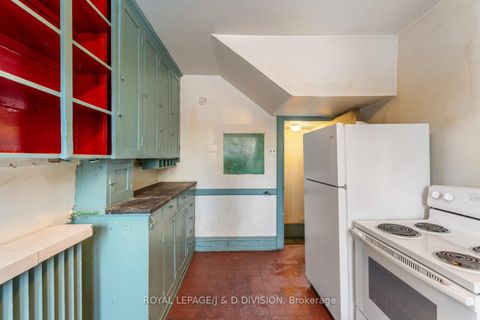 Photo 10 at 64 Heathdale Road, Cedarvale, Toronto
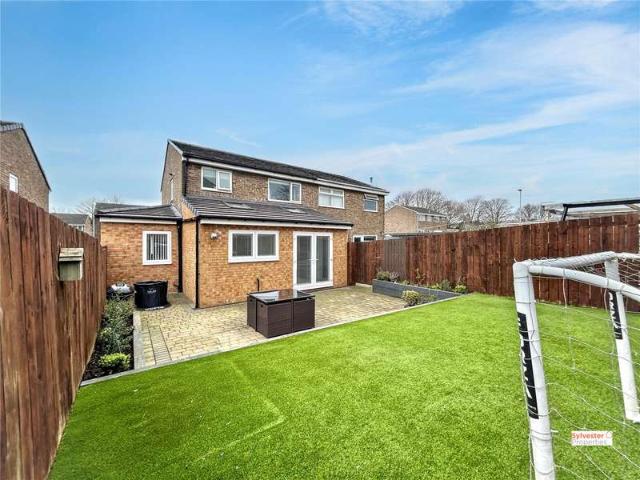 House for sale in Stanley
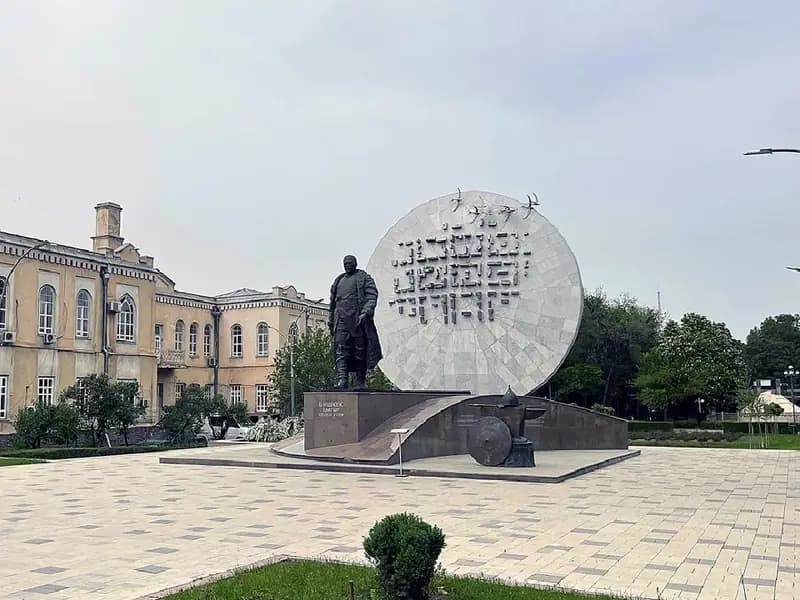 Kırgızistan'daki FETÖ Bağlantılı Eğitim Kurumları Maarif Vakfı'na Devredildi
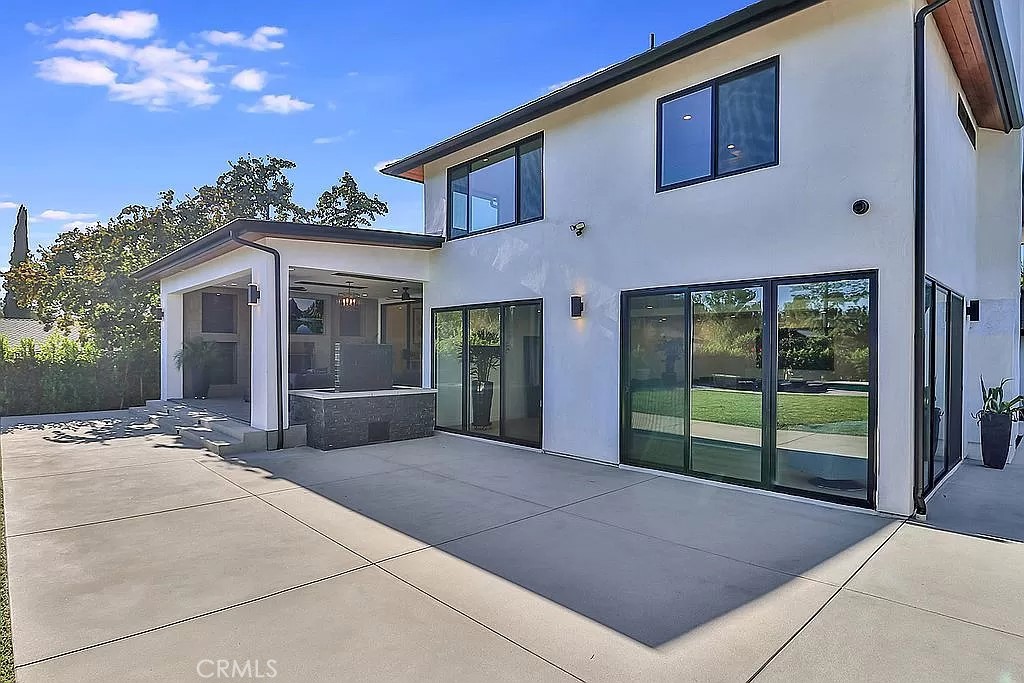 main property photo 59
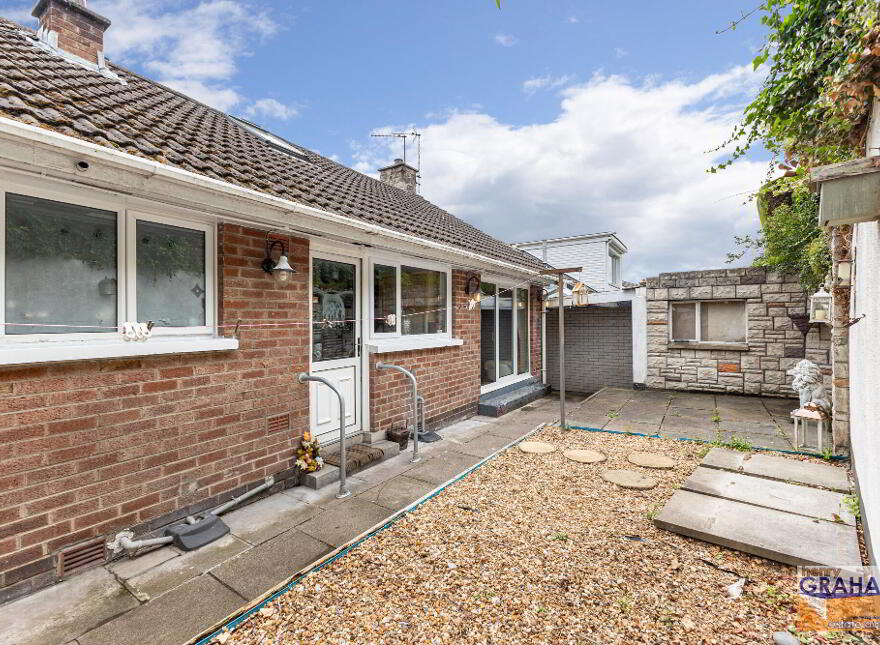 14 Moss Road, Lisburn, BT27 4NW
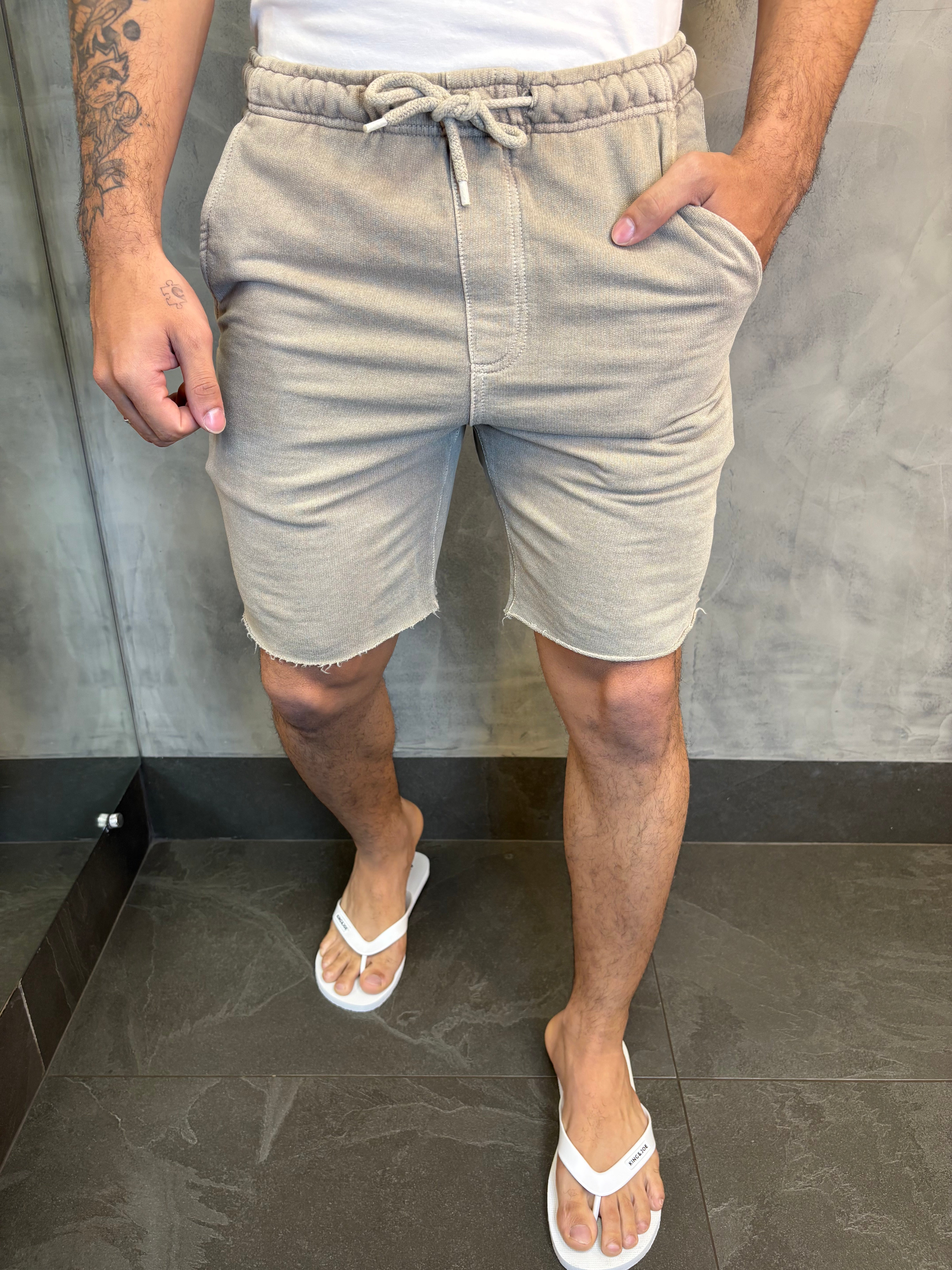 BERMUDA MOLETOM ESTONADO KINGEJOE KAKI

● ● ● ● ● ● ●

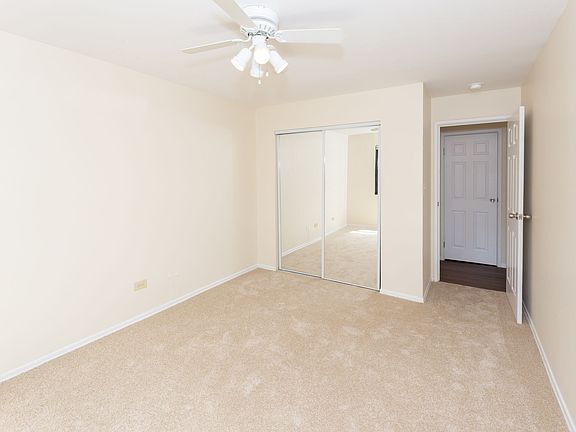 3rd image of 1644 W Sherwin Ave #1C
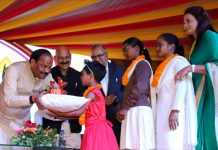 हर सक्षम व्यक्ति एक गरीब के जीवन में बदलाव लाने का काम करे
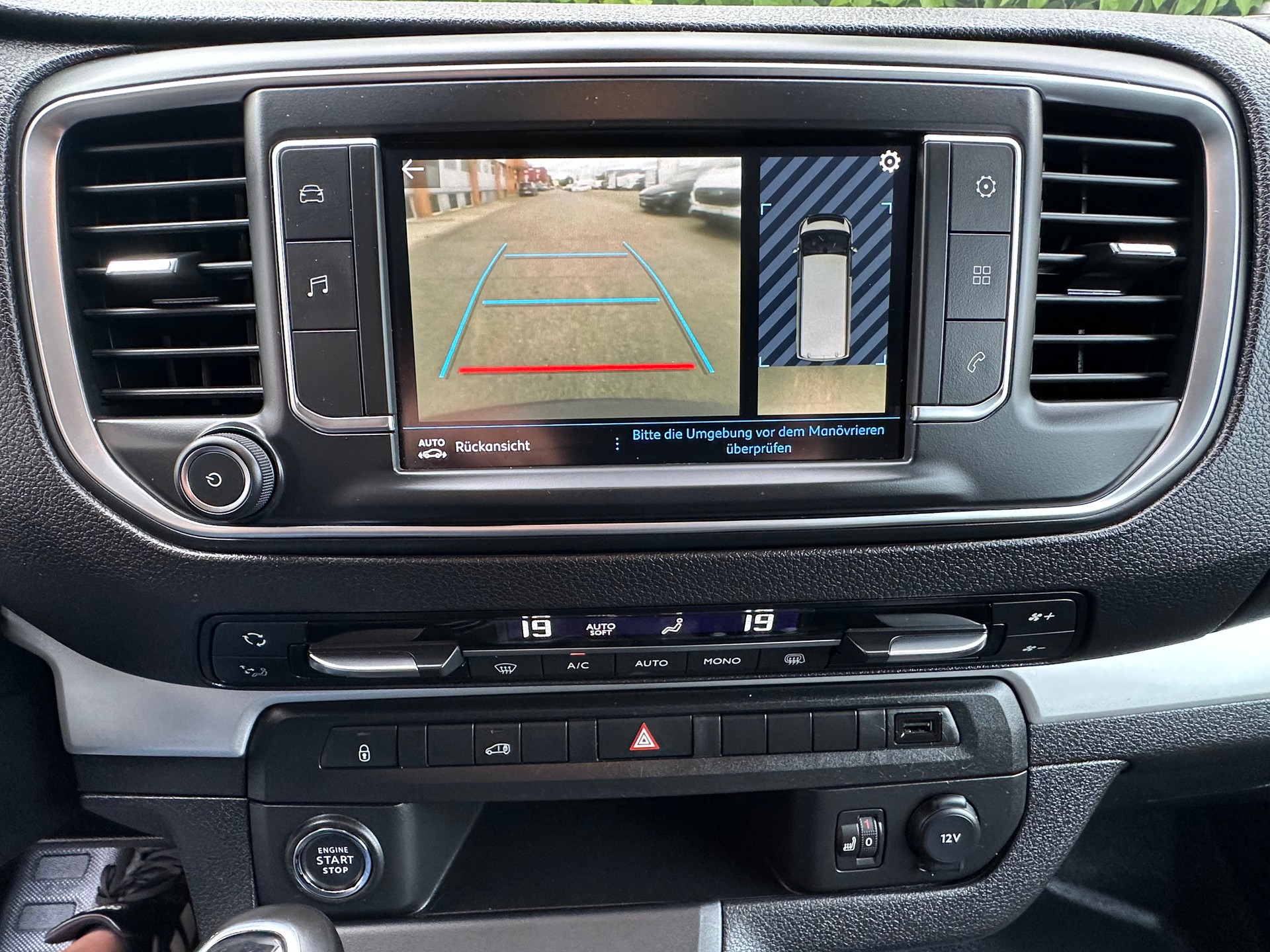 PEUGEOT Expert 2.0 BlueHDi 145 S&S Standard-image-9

● ● ● ● ● ● ●

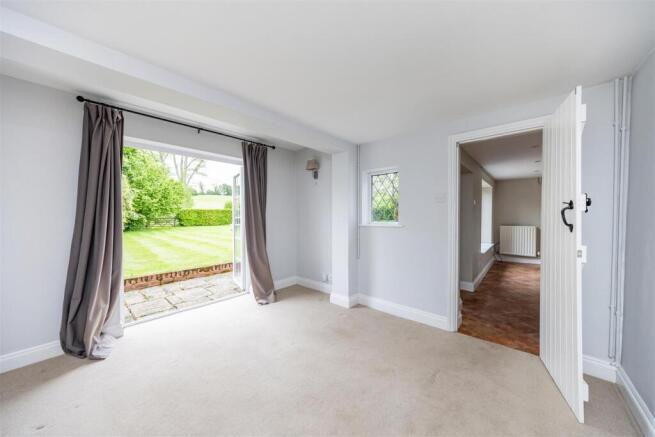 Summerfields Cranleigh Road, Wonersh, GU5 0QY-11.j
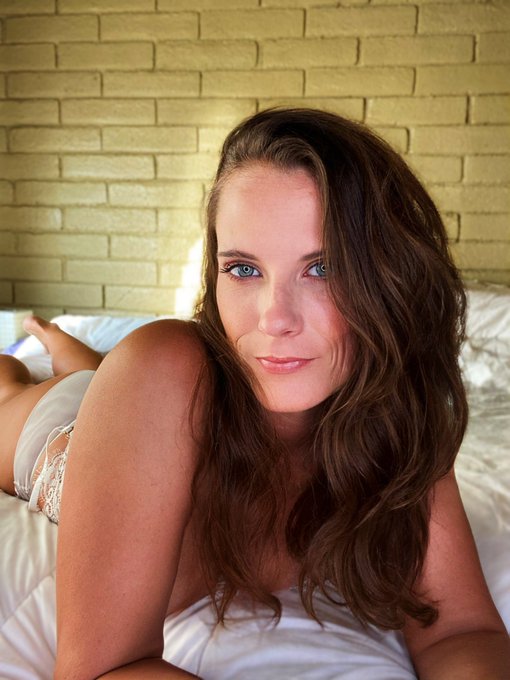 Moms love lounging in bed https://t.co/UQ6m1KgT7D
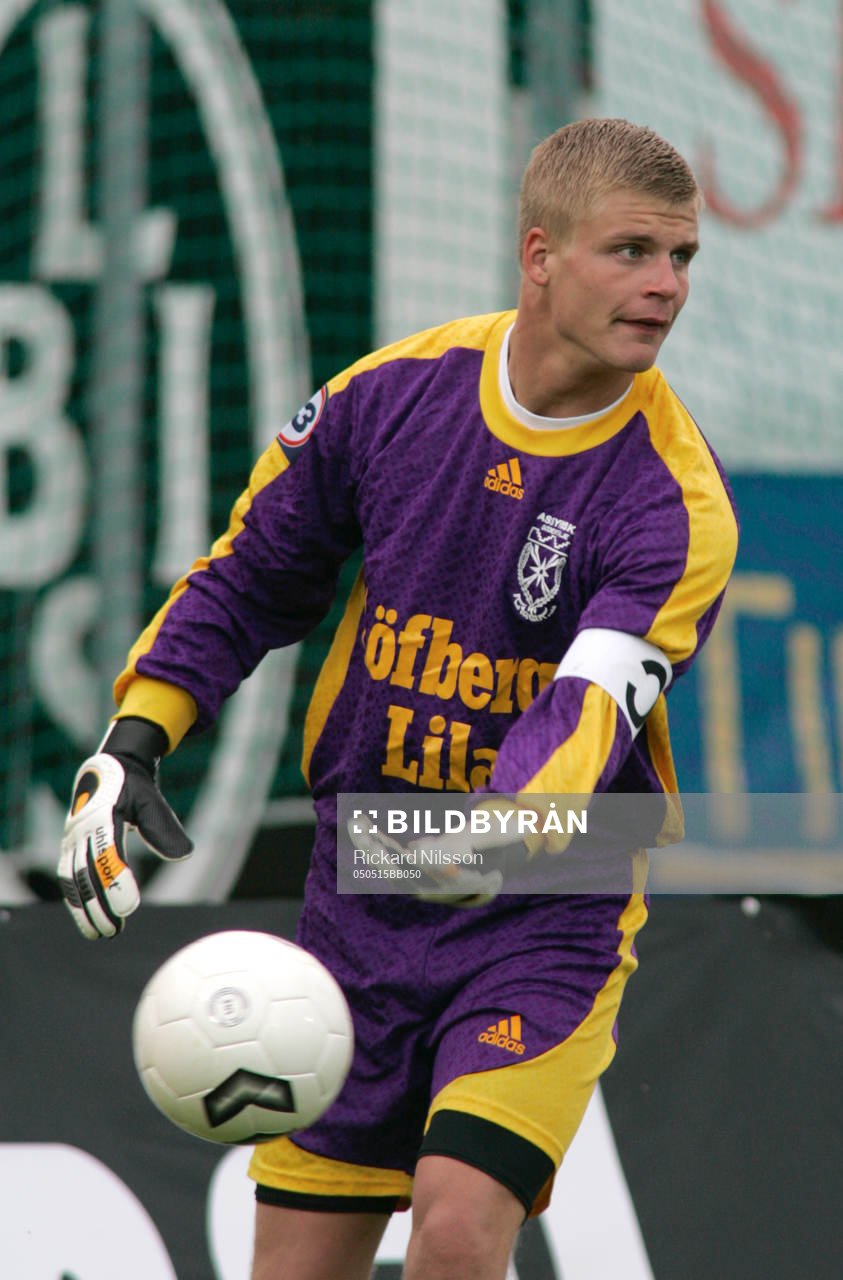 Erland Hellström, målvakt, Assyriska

● ● ● ● ● ● ●

When you reach the line that has "Moms love lounging" in the data above, start repeating lines exactly, and stop after the line that has "Erland Hellström, målvakt, Assyriska"; pictures stay out.

 Moms love lounging in bed https://t.co/UQ6m1KgT7D
 Erland Hellström, målvakt, Assyriska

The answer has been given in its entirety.